I have calculated the NMR shieldings for the complex, using the same method as you do, but adding CDCl3 as solvent to make it more realistic. The chemical shift of the agostic proton is ~4.73 ppm, whilst the other two protons attached to this carbon come at 1.15 and 1.47 ppm. Thus the agostic proton is downfield with respect to the non-agostic protons. According to the classification above (which I think is too simplistic), this is an anagostic interaction?
--CarlosMF (talk) 18:48, 18 August 2017 (CEST) Crabtree's "Organometallic Chemistry" book (2005, 4th edition, page 58) states that "These agostic alkyls can be detected by X-ray or neutron crystal structural work and by the high-field shift of the agostic H in the proton NMR. The lowering of the J (C,H) and ν(CH) in the NMR and IR spectra, respectively, on binding is symptomatic of the reduced C−H bond order in the agostic system." I guess high-field and upfield should mean the same?
Possible questions for discussion
- Agostic "bond" vs. agostic "interaction"
- Should only CH→M interactions be considered agostic? Or also for other cases with different σ bonds (BH, CC, SiH...)?
- Should (and how) agostic interactions be taken into account for "electron counting" in organometallic complexes?
- How to quantify the strength of an agostic interaction?
Comment on using signs of 3-centre indices
Ferran Feixas demonstrated the use of 3-centre electron sharing indices (3c-ESI) to distinguish between agostic, anagostic and hydrogen bonding. Given that a simple 3-centre 3-orbital Hückel-like model predicts positive bond indices for 3c-2e and negative values for 3c-4e bonding motifs , it does indeed follow that we could expect positive 3c-ESI for 3c-2e agostic bonding and negative 3c-ESI for 3c-4e hydrogen bonds (with 3c-ESI values close to zero for anagostic interactions).
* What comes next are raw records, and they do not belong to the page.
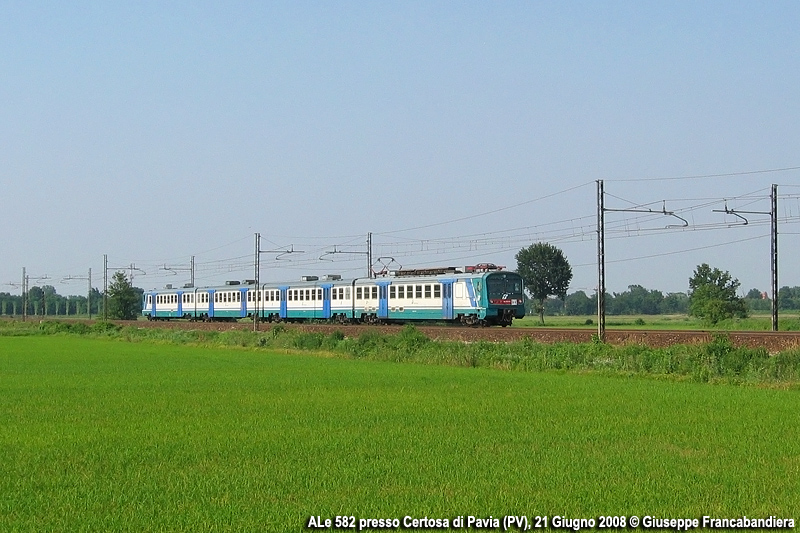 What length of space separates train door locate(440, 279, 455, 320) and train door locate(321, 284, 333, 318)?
40.3 feet

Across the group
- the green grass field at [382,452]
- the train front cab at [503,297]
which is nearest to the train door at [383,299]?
the train front cab at [503,297]

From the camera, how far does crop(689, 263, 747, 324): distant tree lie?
70.1 m

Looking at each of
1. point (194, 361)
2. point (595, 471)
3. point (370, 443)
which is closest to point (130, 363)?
point (194, 361)

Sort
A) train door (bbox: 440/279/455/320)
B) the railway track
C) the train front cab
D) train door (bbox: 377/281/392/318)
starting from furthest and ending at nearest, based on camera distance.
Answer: train door (bbox: 377/281/392/318), train door (bbox: 440/279/455/320), the train front cab, the railway track

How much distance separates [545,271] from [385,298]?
5744 centimetres

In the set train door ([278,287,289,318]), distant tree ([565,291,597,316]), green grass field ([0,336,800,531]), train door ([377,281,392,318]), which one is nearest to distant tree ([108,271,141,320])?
train door ([278,287,289,318])

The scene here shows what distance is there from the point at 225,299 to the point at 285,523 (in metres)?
64.9

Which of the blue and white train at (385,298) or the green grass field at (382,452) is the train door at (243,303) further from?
the green grass field at (382,452)

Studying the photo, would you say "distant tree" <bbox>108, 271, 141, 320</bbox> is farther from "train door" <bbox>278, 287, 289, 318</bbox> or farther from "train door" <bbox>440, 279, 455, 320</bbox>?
"train door" <bbox>440, 279, 455, 320</bbox>

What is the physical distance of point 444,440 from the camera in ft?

Without wishing to detract in any way from this work, it could be useful to add a word of caution about the use of the signs of 3-centre bond indices to distinguish between 3c-2e and 3c-4e bonding: there are certainly situations for which the predictions of the simple 3-centre 3-orbital Hückel-like model can prove misleading. One such example is a recent study  of the bonding in a recently synthesized neutral complex of so-called zero-valent beryllium that features a central C-Be-C unit . A combination of domain-averaged Fermi hole analysis and various multicentre bond indices confirms the anticipated dominance of 3c-2e π bonding in the central C-Be-C fragment, reinforced by two donor-acceptor Be-C σ bonds, but it also reveals the presence of 3c-4e σ bonding . It is important in the present context to point out that the contributions from the 3c-2e π and 3c-4e σ bonding to the total 3-centre bond index are both positive in this particular system , contrary to the expectations of the simple 3-centre 3-orbital Hückel-like model . Closer inspection shows that a more appropriate model for the 3c-4e σ bonding should in fact involve four orbitals, rather than three, with the central atom contributing to the multicentre bonding not just by one orbital but by two. It does indeed turn out that a simple 3-centre 4-orbital Hückel-like model can rationalize the observation of a positive contribution from the 3c-4e σ bonding to the overall 3-centre bonding index.
When using the signs of 3c-ESI values to distinguish between different bonding patterns it could be important to bear in mind that the predicted sign of the 3c-4e bond index can change if a simple 3-centre 4-orbital Hückel-like model is more appropriate than the usual one that is based on just 3 orbitals.